No voto do acórdão (decisão de um grupo de magistrados), acompanhado pelos desembargadores Eduardo Abdalla e Ricardo Tucunduva, o relator Julio Caio Farto Salles, que ganha R$ 59 mil de salário líquido, escreveu que a mulher “se encontrava em cumprimento de pena em regime aberto quando do cometimento do delito em questão, tudo a desvendar índole indiscutivelmente voltada à delinquência ou persistência na senda do crime, revelando-se a segregação imprescindível para se obstaculizar risco real de novas recidivas, considerado o caráter nocivo próprio daqueles que fazem dos delitos seu modo de vida”. E que ela era culpada de ficar longe dos filhos por ter cometido o crime.
À Ponte, o padre Julio Lancellotti, da Pastoral do Povo da Rua, criticou que o sistema de justiça não auxilia pessoas em situação de vulnerabilidade social, o que gera um círculo vicioso. “É a criminalização e punição da miséria, quando a Justiça não reconhece que uma pessoa furtou porque estava com fome”, enfatiza. “Os fabricantes da pobreza são inatingíveis e é como a frase do Eduardo Galeano: ‘a justiça é uma serpente que só morde os pés descalços’”.
Momento da prisão
O supervisor do estabelecimento viu através das câmeras de segurança do mercado Oxxo, na zona sul da capital, a mulher colocando os produtos dentro de uma sacola e saindo sem pagar. No mesmo momento, uma viatura da Polícia Militar passava pelo local e uma funcionária chamou os policiais. A mulher tentou fugir, mas foi alcançada pelos PMs.

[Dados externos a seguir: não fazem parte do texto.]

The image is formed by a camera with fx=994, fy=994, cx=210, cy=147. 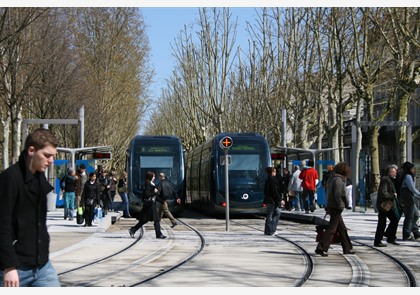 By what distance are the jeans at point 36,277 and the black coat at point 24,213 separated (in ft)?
0.17

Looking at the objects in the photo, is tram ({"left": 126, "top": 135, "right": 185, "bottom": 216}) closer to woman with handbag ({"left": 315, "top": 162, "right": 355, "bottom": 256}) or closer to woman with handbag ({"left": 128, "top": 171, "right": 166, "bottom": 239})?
woman with handbag ({"left": 128, "top": 171, "right": 166, "bottom": 239})

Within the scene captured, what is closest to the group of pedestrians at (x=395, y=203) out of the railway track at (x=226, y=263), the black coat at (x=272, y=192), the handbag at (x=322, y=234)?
the railway track at (x=226, y=263)

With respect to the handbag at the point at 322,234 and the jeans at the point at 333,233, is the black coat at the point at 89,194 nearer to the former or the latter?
the handbag at the point at 322,234

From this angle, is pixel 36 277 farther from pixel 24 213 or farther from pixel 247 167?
pixel 247 167

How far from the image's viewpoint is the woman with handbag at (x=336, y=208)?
1608 cm

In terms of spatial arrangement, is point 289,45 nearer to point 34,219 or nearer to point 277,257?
point 277,257

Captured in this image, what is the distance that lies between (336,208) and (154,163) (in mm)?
19379

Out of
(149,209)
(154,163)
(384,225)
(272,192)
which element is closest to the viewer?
(384,225)

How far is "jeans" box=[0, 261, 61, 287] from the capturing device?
584 cm

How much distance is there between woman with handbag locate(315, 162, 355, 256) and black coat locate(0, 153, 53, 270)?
1053 cm

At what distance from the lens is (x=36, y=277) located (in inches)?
232

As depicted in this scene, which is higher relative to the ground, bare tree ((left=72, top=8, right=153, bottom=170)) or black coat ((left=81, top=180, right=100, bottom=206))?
bare tree ((left=72, top=8, right=153, bottom=170))

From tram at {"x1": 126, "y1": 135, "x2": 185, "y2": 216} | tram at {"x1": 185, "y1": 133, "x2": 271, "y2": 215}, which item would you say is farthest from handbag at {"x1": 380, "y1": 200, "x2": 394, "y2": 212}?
tram at {"x1": 126, "y1": 135, "x2": 185, "y2": 216}

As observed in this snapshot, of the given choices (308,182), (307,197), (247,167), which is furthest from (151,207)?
(247,167)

Quando foi apresentada no 27º DP (Campo Belo), a acusada estava com escoriações na cabeça. Segundo a versão dada pelos policiais e que consta no boletim de ocorrência, os ferimentos teriam ocorrido porque, na fuga, ela teria caído duas vezes. A Defensoria Pública contesta esta versão. “A empresa vítima não relata qualquer dessas quedas e a paciente permaneceu em silêncio. Ressalte-se que a sua lesão ocorreu na testa, não sendo compatível com uma suposta queda, em que as lesões ocorrem, via de regra, nas mãos e joelhos”, descreveu Polachini.
“Portanto, sem a realização da audiência de custódia e sem qualquer documento médico a atestar a integridade física do flagrado, não é possível concluir pela higidez do ato de prisão, o que a torna ilegal”, concluiu o defensor.
No acórdão, o relator Farto Salles justificou que a ausência da audiência de custódia está embasada na suspensão decretada pelo Tribunal de Justiça por causa da pandemia. Esse tipo de audiência foi retomada em São Paulo a partir de 4 de outubro.
Reportagem atualizada às 13h52, de 13/10/2021, para inclusão de informações da assessoria do STJ.